* _MATERIAL FOR THIS EXERCISE_:

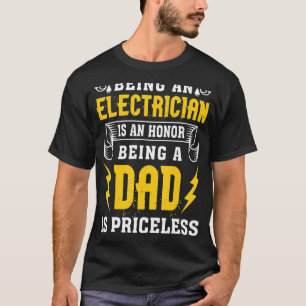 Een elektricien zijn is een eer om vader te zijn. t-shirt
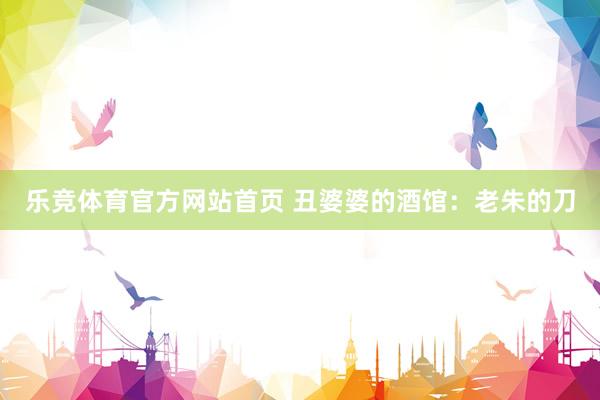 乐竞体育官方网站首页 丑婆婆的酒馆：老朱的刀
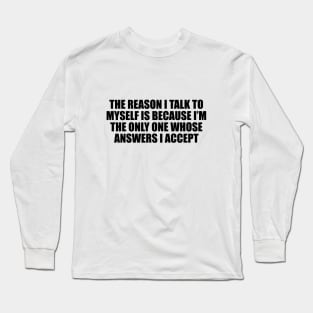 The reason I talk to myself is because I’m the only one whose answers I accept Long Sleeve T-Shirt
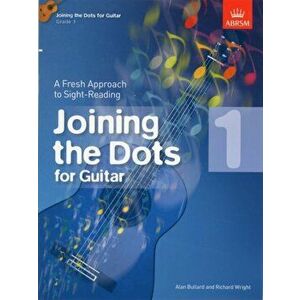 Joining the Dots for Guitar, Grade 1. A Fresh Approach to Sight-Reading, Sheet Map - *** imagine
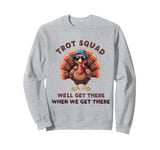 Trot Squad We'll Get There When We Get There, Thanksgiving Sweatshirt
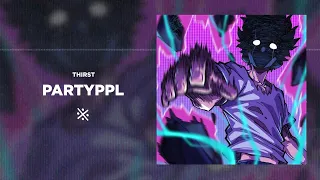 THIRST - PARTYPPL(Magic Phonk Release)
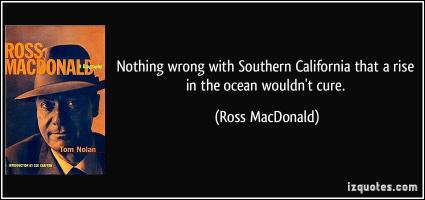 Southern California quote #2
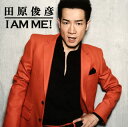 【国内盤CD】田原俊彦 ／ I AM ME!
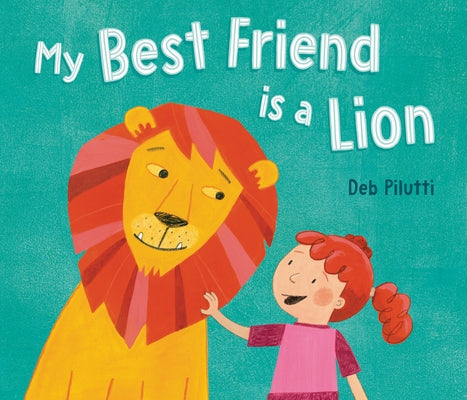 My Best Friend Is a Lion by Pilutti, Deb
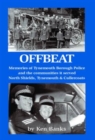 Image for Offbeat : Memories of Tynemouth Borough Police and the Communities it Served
--
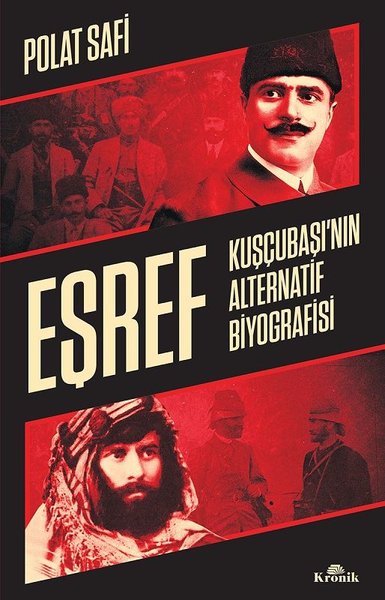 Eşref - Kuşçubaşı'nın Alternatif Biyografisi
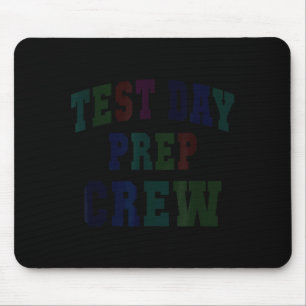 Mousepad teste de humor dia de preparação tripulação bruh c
==
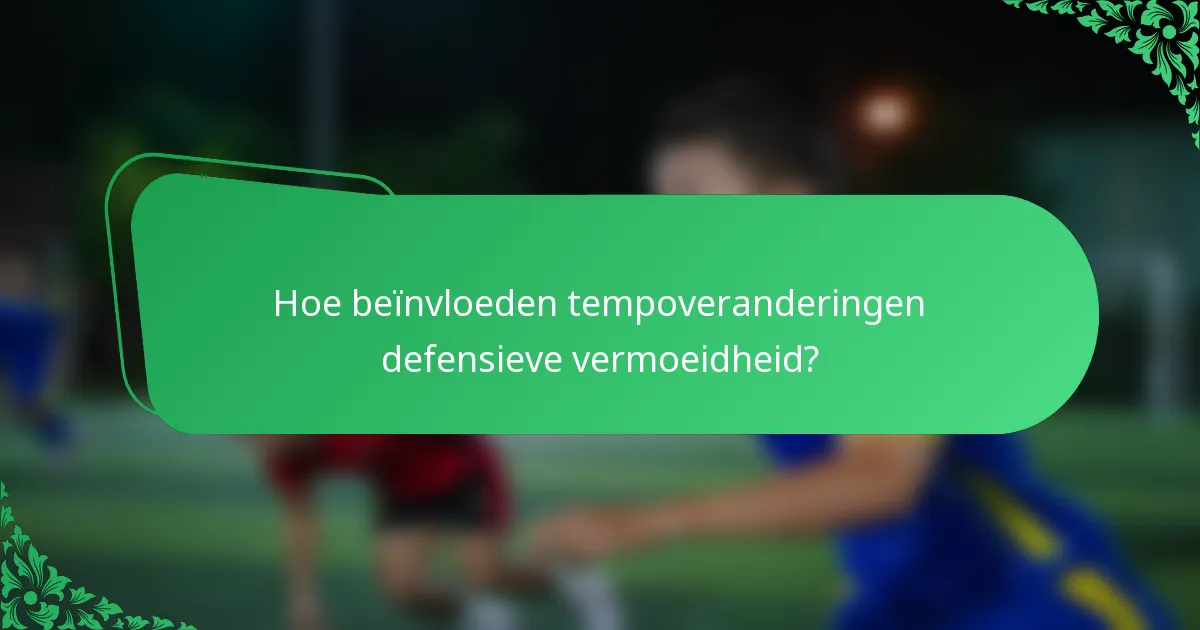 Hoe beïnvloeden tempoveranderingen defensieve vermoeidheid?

* _PROBLEM TO SOLVE_: Only one stretch of the listing above is to be duplicated: the lines from the one containing "Southern California quote #2" through the one containing "Image for Offbeat", both included. Copy them exactly, minus the pictures.

* _RESULT FOR THIS TASK_:
 Southern California quote #2
 【国内盤CD】田原俊彦 ／ I AM ME!
 My Best Friend Is a Lion by Pilutti, Deb
 Image for Offbeat : Memories of Tynemouth Borough Police and the Communities it Served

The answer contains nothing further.